First, progress would be reported annually through the publication of a National Mental Health Report. The report, prepared by the Commonwealth using data provided by the States and Territories, aims to monitor the yearly progress of each jurisdiction in implementing the Strategy. National Mental Health Reports have now been produced for each of the first three years of the Strategy (1993, 1994 and 1995), with the fourth report due for release early in 1998.4, 5, 6 These reports make a major contribution to understanding the changes in Australia's mental health services.

Second, Ministers agreed that an independent evaluation would be conducted, to complement the annual reporting process by focusing on the Strategy's overall impact and outcomes.
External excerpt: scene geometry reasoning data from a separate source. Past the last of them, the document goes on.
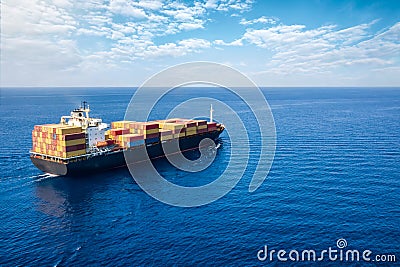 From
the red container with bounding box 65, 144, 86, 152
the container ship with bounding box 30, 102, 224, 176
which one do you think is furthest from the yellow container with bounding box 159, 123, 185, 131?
the red container with bounding box 65, 144, 86, 152

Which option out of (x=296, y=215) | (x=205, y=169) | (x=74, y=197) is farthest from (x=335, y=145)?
(x=74, y=197)

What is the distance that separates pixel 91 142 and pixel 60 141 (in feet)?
27.5

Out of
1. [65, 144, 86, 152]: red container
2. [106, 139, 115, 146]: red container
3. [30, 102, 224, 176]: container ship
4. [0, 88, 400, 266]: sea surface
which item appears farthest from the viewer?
[106, 139, 115, 146]: red container

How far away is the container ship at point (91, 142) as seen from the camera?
5409 cm

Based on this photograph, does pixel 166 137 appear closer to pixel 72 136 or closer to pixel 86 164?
pixel 86 164

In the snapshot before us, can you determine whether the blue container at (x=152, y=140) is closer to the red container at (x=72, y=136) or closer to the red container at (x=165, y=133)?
the red container at (x=165, y=133)

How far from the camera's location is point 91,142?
61844mm

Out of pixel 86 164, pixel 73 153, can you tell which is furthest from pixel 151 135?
pixel 73 153

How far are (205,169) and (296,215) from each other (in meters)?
24.9

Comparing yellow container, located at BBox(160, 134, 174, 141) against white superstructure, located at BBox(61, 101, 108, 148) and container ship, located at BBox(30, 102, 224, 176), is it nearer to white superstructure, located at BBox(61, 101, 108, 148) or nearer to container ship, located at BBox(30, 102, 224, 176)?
container ship, located at BBox(30, 102, 224, 176)

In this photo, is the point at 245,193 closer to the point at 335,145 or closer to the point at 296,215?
the point at 296,215

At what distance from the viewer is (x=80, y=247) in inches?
1243

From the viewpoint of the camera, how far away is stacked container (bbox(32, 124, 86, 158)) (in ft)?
176

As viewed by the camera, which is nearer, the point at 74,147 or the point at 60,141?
the point at 60,141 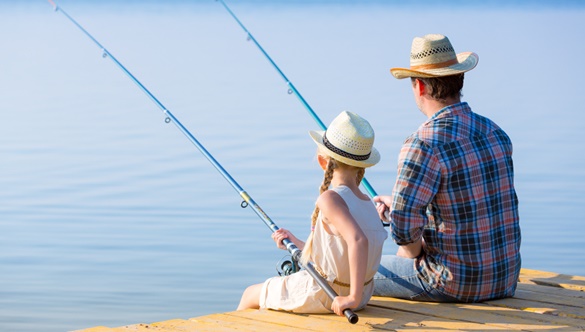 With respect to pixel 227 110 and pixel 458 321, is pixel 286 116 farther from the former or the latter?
pixel 458 321

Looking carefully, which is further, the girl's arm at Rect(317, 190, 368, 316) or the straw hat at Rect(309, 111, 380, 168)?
the straw hat at Rect(309, 111, 380, 168)

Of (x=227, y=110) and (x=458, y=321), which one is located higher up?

An Evaluation Steering Committee was appointed by the Australian Health Ministers' Advisory Council (AHMAC) in June 1995 to plan and direct the evaluation.

The committee's terms of reference split the evaluation process into two phases.7 The first phase, completed in June 1996, reviewed progress in the implementation of the Strategy.8 The final phase reviewed the outcomes of the Strategy and addressed:
  • how effectively the Strategy has met its stated objectives
  • whether the processes of reform were the most appropriate for meeting the policy objectives and
  • the strategies required to continue the process of mental health reform.
A wide range of information was reviewed to inform the final evaluation phase. This included data available in existing national collections and new research data gathered through independent studies commissioned by the committee.

The current report summarises the key findings of the evaluation and brings together conclusions and recommendations formed by the committee during its two years of activity. Consistent with the committee's brief, it presents a national view of the changes introduced under the Strategy rather than individualising the performance of each of the States and Territories.

Reports on each of the research streams are being released together with this report, providing full details of the method and results of the evaluation.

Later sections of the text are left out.